Gill Stadium
From Wikipedia, the free encyclopedia
Gill Stadium is a sporting stadium located in Manchester, New Hampshire.
[edit] Origins and Early History
Built in 1913 at a cost of more than $30,000, the grandstand for what originally was known as Textile Field is one of the early examples of concrete-and-steel stadium construction in the United States outside of major cities.
The Amoskeag Textile Club, whose members belonged to and were funded by the Amoskeag Manufacturing Company, constructed the grandstand. It was built on the site of Varick Park, a mid-1890s wooden structure which itself occupied the site of a still earlier ballpark, the Beech Street Grounds. Baseball on the site can be traced to at least 1880, when the area east of the Valley Street Cemetery was known as "the Plains."
The Textile Club appears to have constructed the grandstand as part of the Amoskeag Manufacturing Company's benevolence programs. Amoskeag, which employed about 17,000 people in a city of 65,000, included among its workforce a large number of immigrants. In the minds of Amoskeag managers, the most troublesome of this group were the most recent arrivals from Greece. Recent immigrants from southern and eastern Europe were being blamed for the 1912 Bread and Roses Strike in nearby Lawrence, Massachusetts, which resulted in much violence and the involvement of the radical Industrial Workers of the World union. Amoskeag, which was not unionized, wanted no such trouble, particularly in light of the fact that IWW operatives were seen in Manchester during the Lawrence strike. The company hoped to find a way to "Americanize" its workforce, thereby giving workers a stronger connection to the company and to the United States, and to find diversionary activities to keep them from unionizing in their free time. Baseball seemed an ideal solution.

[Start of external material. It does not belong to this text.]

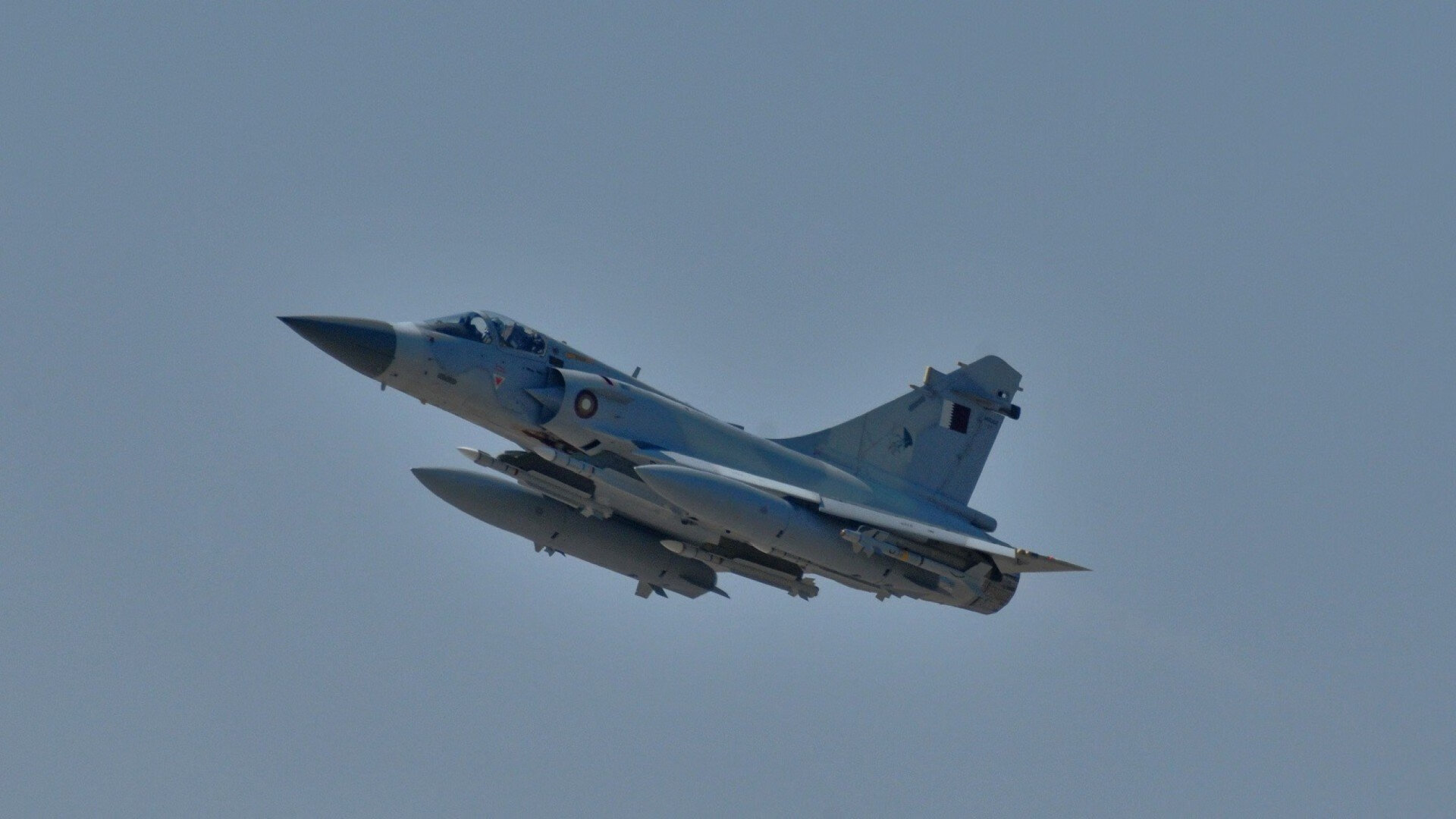 kaiyun.com-“篮球梦之队”青少年志愿公益在云南成功举办，2020云南省青少年省运会篮球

Amoskeag, along with the McElwain Shoe Company and other industries in Manchester, organized the city Manufacturers' League in 1912. The league played at three locations in Manchester, of which Varick Park was the most important. In 1913, the company constructed Textile Field to make the league appear to be more authentically "professional." The field made its debut in July of that year, but the dedication game came in early September, when the World Champion Boston Red Sox—playing its major-league lineup for nearly the entire game—defeated the Manufacturers' League All-Stars, 3-1. A year later, the World Champion Philadelphia Athletics defeated the All-Stars, 7-1. The score and the so-called "vaudville" act put on by the Athletics in the final inning--in which Philadelphia players changed positions and attempted to impress the crowd with "trick" plays--caused Amoskeag to reconsider its professionalization activities. After briefly turning the field over to the short-lived Manchester Textiles of the New England League, the field became the sole domain of the city's manufacturers and schools until 1926. Ultimately, Amoskeag's experiment failed, and in 1922 Amoskeag employees unionized and conducted a nine-month strike which paralyzed the company and helped lead to its demise during the Great Depression.
[edit] After the 1922 Strike
Textile Field was purchased by the City of Manchester in 1927 and named Athletic Field. The name was changed to Gill Stadium in 1967, after former Parks and Recreation Director Ignace J. Gill.
Over the years, Gill Stadium has served as the home field for numerous high school and American Legion ballclubs. The stadium served as host for the American Legion World Series on five occasions.
Gill Stadium has also hosted professional baseball. The Manchester Blue Sox played at Athletic Field, as it was then known, from 1926-1930, winning multiple championships. The Manchester Giants of the New England League called the stadium home in 1946 and 1947, and the Manchester Yankees played there in 1948 and part of the 1949 season. In the late 1960s and early 1970s, an Eastern League team, also called the Yankees played there. Additionally, the Eastern League's Nashua Angels played a game at Gill Stadium in 1983.
Most recently, Gill Stadium was the home of the Eastern League's New Hampshire Fisher Cats. The AA affiliate of the Toronto Blue Jays captured the 2004 EL title while playing at Gill. In 2005, the Fisher Cats moved to the new Merchantsauto.com Stadium on the banks of the Merrimack River near downtown Manchester.
Gill Stadium continues to serve as the home of numerous amateur teams in Manchester's thriving baseball community.
It also serves as the field for Manchester's annual football thanksgiving football tournament, the turkey bowl. It pits all three school against one another and gives a huge amount of bragging rights to the winning school.